(Extracted data entries)
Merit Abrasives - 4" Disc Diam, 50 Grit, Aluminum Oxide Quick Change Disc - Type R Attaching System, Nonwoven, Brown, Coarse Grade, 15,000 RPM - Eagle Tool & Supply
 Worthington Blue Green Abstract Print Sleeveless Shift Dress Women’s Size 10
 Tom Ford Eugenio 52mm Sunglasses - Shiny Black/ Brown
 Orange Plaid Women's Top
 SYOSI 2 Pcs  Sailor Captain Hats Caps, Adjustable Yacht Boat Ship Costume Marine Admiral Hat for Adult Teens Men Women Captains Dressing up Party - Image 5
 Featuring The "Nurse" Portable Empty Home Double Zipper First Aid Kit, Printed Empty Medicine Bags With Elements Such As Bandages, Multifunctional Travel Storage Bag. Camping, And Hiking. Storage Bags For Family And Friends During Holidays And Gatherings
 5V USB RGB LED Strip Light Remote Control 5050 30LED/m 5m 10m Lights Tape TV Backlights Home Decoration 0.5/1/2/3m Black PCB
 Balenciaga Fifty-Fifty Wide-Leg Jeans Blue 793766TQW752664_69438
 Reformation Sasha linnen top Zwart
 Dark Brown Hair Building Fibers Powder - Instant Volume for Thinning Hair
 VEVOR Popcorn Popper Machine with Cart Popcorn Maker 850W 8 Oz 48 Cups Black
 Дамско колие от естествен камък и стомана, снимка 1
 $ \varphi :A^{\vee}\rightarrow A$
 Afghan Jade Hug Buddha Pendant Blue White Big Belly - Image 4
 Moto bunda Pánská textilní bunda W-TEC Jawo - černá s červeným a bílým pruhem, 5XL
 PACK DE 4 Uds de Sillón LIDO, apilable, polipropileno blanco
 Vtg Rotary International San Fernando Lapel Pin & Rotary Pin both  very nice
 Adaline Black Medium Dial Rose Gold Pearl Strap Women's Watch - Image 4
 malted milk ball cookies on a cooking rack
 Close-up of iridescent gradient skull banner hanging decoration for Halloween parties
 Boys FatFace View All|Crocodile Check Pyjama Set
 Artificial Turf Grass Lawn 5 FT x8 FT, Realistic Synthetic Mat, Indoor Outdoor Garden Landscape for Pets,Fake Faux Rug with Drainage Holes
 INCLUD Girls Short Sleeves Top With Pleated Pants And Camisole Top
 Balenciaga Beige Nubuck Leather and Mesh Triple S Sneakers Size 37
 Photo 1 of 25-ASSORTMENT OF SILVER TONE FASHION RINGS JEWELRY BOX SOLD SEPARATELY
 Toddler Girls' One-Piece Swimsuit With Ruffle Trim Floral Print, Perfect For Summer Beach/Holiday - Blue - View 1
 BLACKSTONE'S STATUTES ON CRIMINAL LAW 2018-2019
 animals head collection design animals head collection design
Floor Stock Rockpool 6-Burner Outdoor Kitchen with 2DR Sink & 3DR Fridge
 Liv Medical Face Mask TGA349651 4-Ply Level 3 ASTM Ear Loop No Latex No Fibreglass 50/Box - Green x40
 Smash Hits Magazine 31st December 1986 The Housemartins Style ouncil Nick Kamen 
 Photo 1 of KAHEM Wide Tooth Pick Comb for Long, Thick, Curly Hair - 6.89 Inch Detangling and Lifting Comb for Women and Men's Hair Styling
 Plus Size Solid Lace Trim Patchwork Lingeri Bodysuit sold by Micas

→ YOUR INSTRUCTIONS
Retype every line up to and including the one that contains "Balenciaga Fifty-Fifty Wide-Leg", beginning at the first line of the records, with no edits.

→ ANSWER SPACE
Merit Abrasives - 4" Disc Diam, 50 Grit, Aluminum Oxide Quick Change Disc - Type R Attaching System, Nonwoven, Brown, Coarse Grade, 15,000 RPM - Eagle Tool & Supply
 Worthington Blue Green Abstract Print Sleeveless Shift Dress Women’s Size 10
 Tom Ford Eugenio 52mm Sunglasses - Shiny Black/ Brown
 Orange Plaid Women's Top
 SYOSI 2 Pcs  Sailor Captain Hats Caps, Adjustable Yacht Boat Ship Costume Marine Admiral Hat for Adult Teens Men Women Captains Dressing up Party - Image 5
 Featuring The "Nurse" Portable Empty Home Double Zipper First Aid Kit, Printed Empty Medicine Bags With Elements Such As Bandages, Multifunctional Travel Storage Bag. Camping, And Hiking. Storage Bags For Family And Friends During Holidays And Gatherings
 5V USB RGB LED Strip Light Remote Control 5050 30LED/m 5m 10m Lights Tape TV Backlights Home Decoration 0.5/1/2/3m Black PCB
 Balenciaga Fifty-Fifty Wide-Leg Jeans Blue 793766TQW752664_69438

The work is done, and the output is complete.